# Show that $\{a \log n \}$ is not equidistributed for any $a$

I need to prove that the sequence $\{a \log n \}$ is NOT equidistributed for any $a \in \mathbb{R}$.

Now, I think that Weyl's criterion will be a good idea to use here. So, I need to show that $$\frac{1}{N} \sum_{n=1}^{N} e^{2 \pi i k (a \log n)} \rightarrow 0$$ as $N \rightarrow \infty$ for any $k \in \mathbb{Z} - \{0\}$ doesn't hold.

I have two problems here. Firstly, I don't know whether the base of $\log$ is $10$ or $e$. So, this can be tried for both bases.

Secondly, if I assume that the base is $e$, then I have $$e^{\log n^{a 2 \pi i k }}$$ inside the summation. This is equal to $n^{a 2 \pi i k}.$ So, I am left with $$\frac{1}{N} \sum_{n=1}^{N} n^{ 2 \pi i k a}$$ Now suppose I take a negative $k$ and positive $a$ or vice-versa, then wouldn't this series converges to $0$ as $N \rightarrow \infty$ ?

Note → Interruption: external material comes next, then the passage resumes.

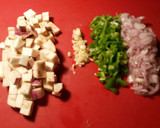 Foto del paso 7 de la receta: Cazuela de pollo con patatas, en salsa de berenjenas y okra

• You can prove this without exponential sums. The idea is that the function grows really, really slowly. You can assume the sequence is equidistributed and use this to get a contradiction. – Vik78 Oct 2 '16 at 4:45
• Sorry but I don't get the idea of this function being really slow? You are talking about the whole summation function, right? – Dark_Knight Oct 2 '16 at 4:54
• No, i'm talking about the logarithm function. Just say you look at the elements of the sequence out to index $n$, such that the proportion of elements up to $n$ within an interval $I \subset [0, 1)$ is within $\epsilon$ of the length of $I$, $a_n$ is not in $I$ and $a_{n+1}$ is. If the sequence next exits $I$ up at index $m$, you should be able to choose $n$ large enough such that the proportion of elements in $I$ at index $m$ to the total is no longer within $\epsilon$ of the length of $I$. This is because the log grows so slowly: you can write log $n \le$ log$(n + k) \le$ log $n$ $+ k/n$. – Vik78 Oct 2 '16 at 8:28
• Indeed you can see from the above bounds that $m$ should be asymptotically at least $n |I|$. – Vik78 Oct 2 '16 at 8:42
• I don't even know the equidistribution criterion, this is just how I proved it. If $r(k)$ is the number of times $(a_n)$ falls in $I$ before the $k$th index, find $k$ such that $r(k)/k$ is within $\epsilon$ of the length $|I|$ of $I$ and $a_k$ is in $I$. Let $m$ be the next index such that $a_m$ is not in $I$. As I explained above, as $k \to \infty$ we have $m \ge k + |I|k$. Therefore $r(m)/m \ge \frac{r(k) + |I|k}{k + |I|k} = \frac{r(k)}{k} + \frac{|I|}{1 + |I|}$. If you choose $|I|$ and $\epsilon$ small enough this is about $2|I|$, so $r(n)/n$ cannot converge to the length of $I$. – Vik78 Oct 3 '16 at 21:30

Apply the Euler–Maclaurin summation formula. For $$f\in C^1\big([1,N]\big)$$, it reads $$\sum_{n=1}^N f(n)=\int_1^N f(x)\,dx+\frac{f(1)+f(N)}{2}+\int_1^N\left(\{x\}-\frac12\right)f'(x)\,dx,$$ where $$\{x\}=x-\lfloor x\rfloor$$ is the fractional part of $$x$$.
For $$f(x)=e^{ic\log x}$$ with $$c=2\pi ka$$, we have $$f'(x)=icf(x)/x$$ and $$W_N:=\frac1N\sum_{n=1}^N e^{ic\log N}=I_N+F_N+R_N, \\I_N=\frac1N\left.\frac{e^{(1+ic)\log x}}{1+ic}\right|_{x=1}^{x=N}=\frac{e^{ic\log N}-1/N}{1+ic}, \\F_N=\frac{1+e^{ic\log N}}{2N},\quad|R_N|\leqslant\frac{|c|}{N}\int_1^N\frac12\frac{dx}{x}=\frac{|c|}{2}\frac{\log N}{N}.$$
As $$N\to\infty$$, clearly $$F_N\to 0$$ and $$R_N\to 0$$ but $$I_N\not\to 0$$. Hence, $$W_N\not\to 0$$.